Walsh also noted that there were more substantial improvements in net servicing financial profits, thanks to a recovery in the valuation of mortgage servicing rights (MSRs).
Total production revenue (fee income, net secondary marking income and warehouse spread) dipped from 421 basis points (bps) in the fourth quarter to 408 bps. On a per-loan basis, production revenues decreased to $11,325 per loan from $11,676 the previous quarter. Net secondary marketing income decreased to 331 bps from 346 bps and was down on a per-loan basis to $9,283 from $9,655.

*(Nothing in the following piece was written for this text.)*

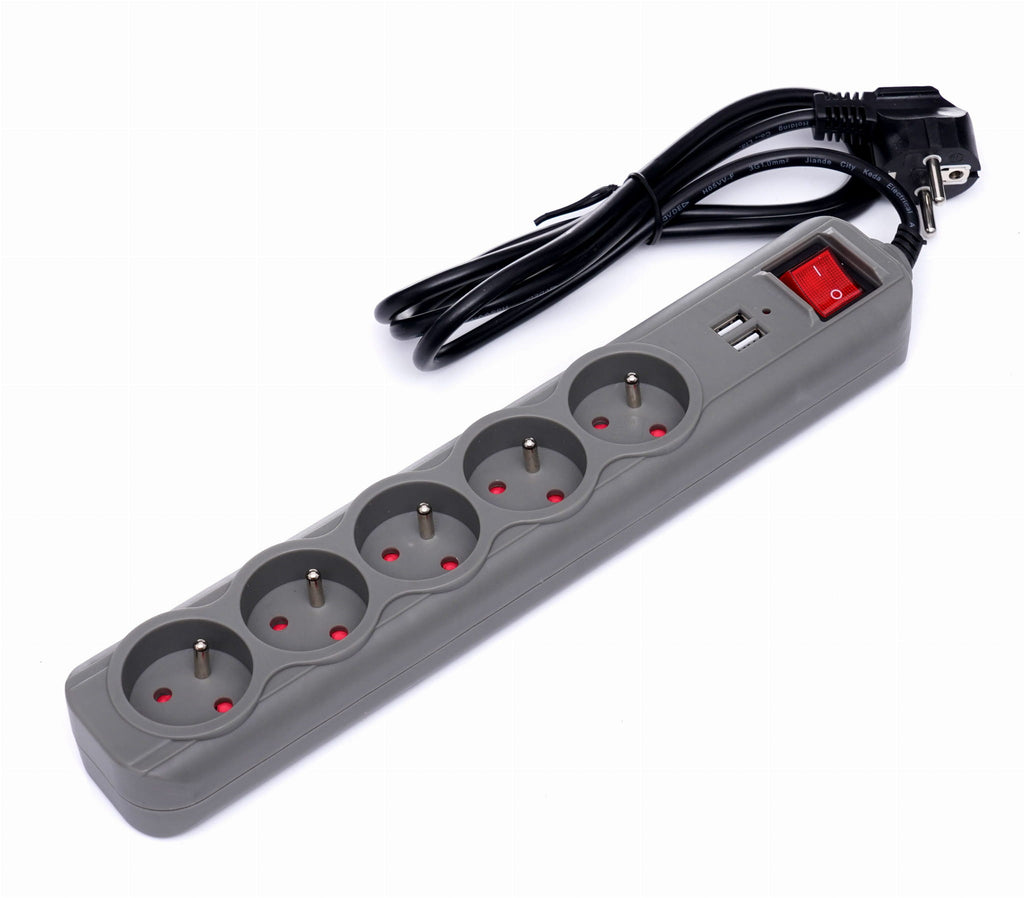 KRAFT&DELE pikendusjuhe 5 pesaga ja 2 USB-pordiga 1,5 m KD4033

Total loan production expenses - commissions, compensation, occupancy, equipment, and other production expenses and corporate allocations - increased to $7,964 per loan from $7,938, Between the third quarter of 2008 to the first quarter of this year loan production expenses have averaged $6,621 per loan. Personnel expenses rose from an average of $5,426 per loan in the fourth quarter to $5,523.
The average pre-tax production profit was 124 bps, down from an average of 137 bps the prior quarter but more than twice the 61 bps a year earlier. The average quarterly pre-tax production profit, from the third quarter of 2008 to the most recent quarter, is 55 basis points.
Average production volume was $1.44 billion per company compared to $1.47 billion in the prior quarter. The average volume by count was 4,879 loans verses 5,049 loans in Q4.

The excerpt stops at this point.